> [MATERIAL FOR THIS EXERCISE]

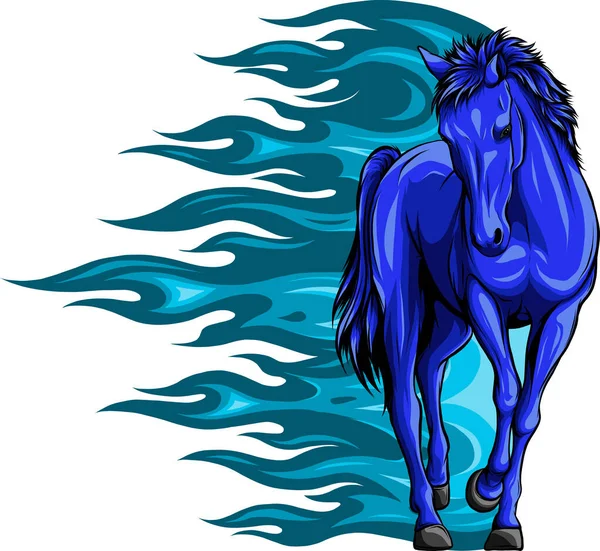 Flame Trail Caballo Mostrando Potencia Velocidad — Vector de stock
...
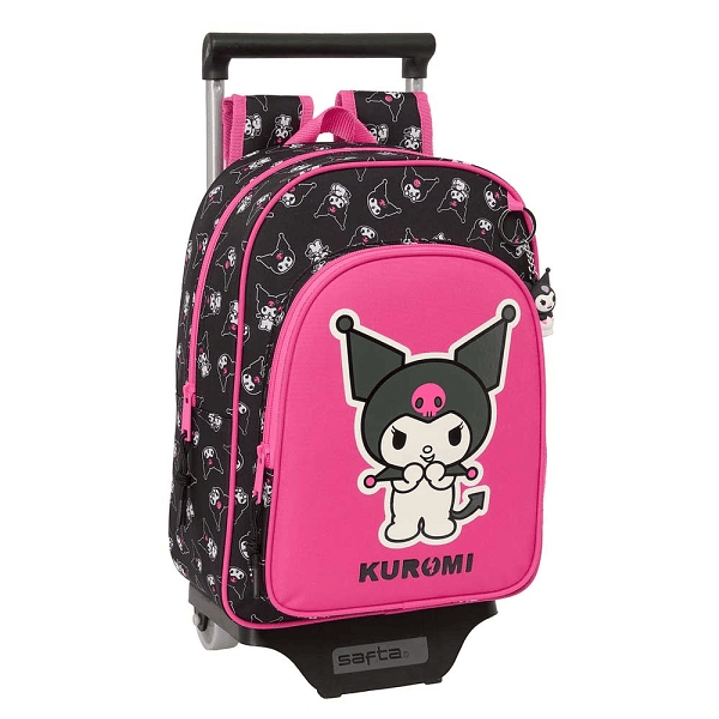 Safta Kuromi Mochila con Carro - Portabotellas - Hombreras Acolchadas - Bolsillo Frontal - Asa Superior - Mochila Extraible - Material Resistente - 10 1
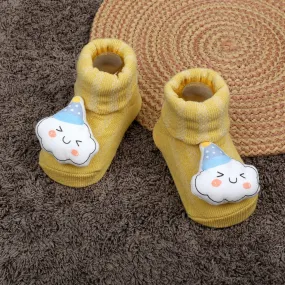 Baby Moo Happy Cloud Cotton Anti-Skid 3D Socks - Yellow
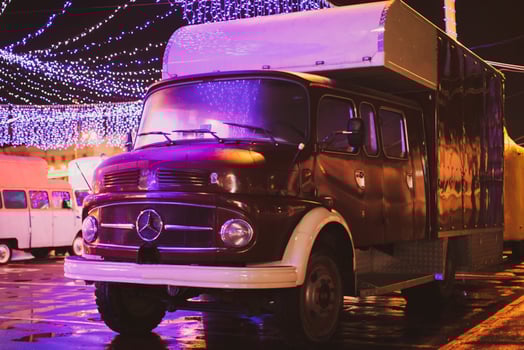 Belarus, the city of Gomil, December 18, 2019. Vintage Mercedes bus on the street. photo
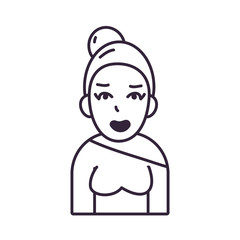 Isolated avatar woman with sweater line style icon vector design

> [WORK ORDER]
Above are records; write out the lines from the one with "Baby Moo Happy" down to the one with "Isolated avatar woman", exactly, leaving the pictures out.

> [SOLUTION FOR THIS EXERCISE]
 Baby Moo Happy Cloud Cotton Anti-Skid 3D Socks - Yellow
 Belarus, the city of Gomil, December 18, 2019. Vintage Mercedes bus on the street. photo
 Isolated avatar woman with sweater line style icon vector design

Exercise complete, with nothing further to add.